Forum Moderators: open
Just a heads-up that BecomeBot, IP range 64.124.85.0 to 64.124.85.255, is very aggressive in crawling multiple sites hosted on the same IP address.
We've been seeing a series of requests that I think is too fast, ie over ten requests per second maintained for a while.
Typical logfile entry looks like this:
64.124.85.80 - - [24/May/2005:11:52:05 +0100] "GET /robots.txt HTTP/1.1" 200 123 "-" "Mozilla/5.0 (compatible; BecomeBot/1.86; MSIE 6.0 compatible; +http://www.become.com/site_owners.html)"

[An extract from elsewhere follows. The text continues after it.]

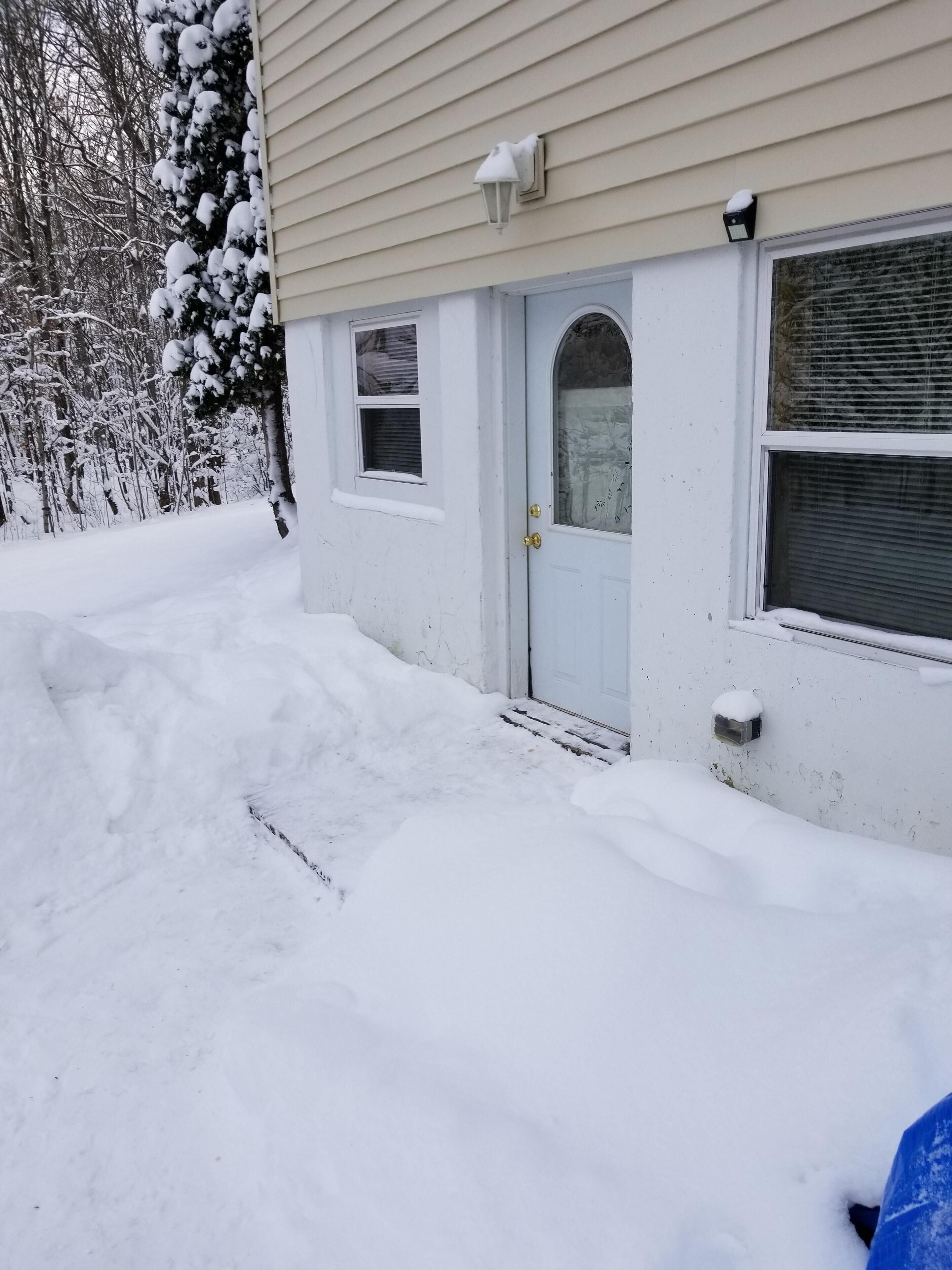 *SKI/SNOWMOBILE* ON MOUNTAIN SHORT WALK .25 MILES TO LODGE & LIFTS - BRAND NEW!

It does seem to honour robots.txt.
Best wishes, Andy.
[webmasterworld.com...]
I've had it denied from the start and yet it still continues to visit and eat 403's.
Don
About its aggressiveness. The following is a quote from become.com/site_owners.html
You can control the rate at which your site is crawled by using the Crawl-Delay feature. The Crawl-Delay feature allows you to specify the number of seconds between visits to your site. Note that it may take quite a long time to crawl a site if there are many pages and the Crawl-Delay is set high. You could specify an interval of 30 seconds between requests with an entry like this:User-agent: BecomeBot
Crawl-Delay: 30
Disallow: /cgi-bin
My reasoning is: we were receiving requests in rapid series, but not for the same site. Eg we'll get multiple requests in one second, each for a different site. As this delay is way less than the default delay should be for any bot, I'm guessing that they've got a particular bug in their bot: they're counting the delay between requests for each hostname, rather than each IP address.
And the reason I haven't tested this to see what happens is:
1) I think it's up to them to set reasonable default values - I'm not willing to spend time working around their mistakes.
2) Their bot was causing performance degredation for our sites, so I was keen to just block it off as quickly as possible.
Best wishes, Andy.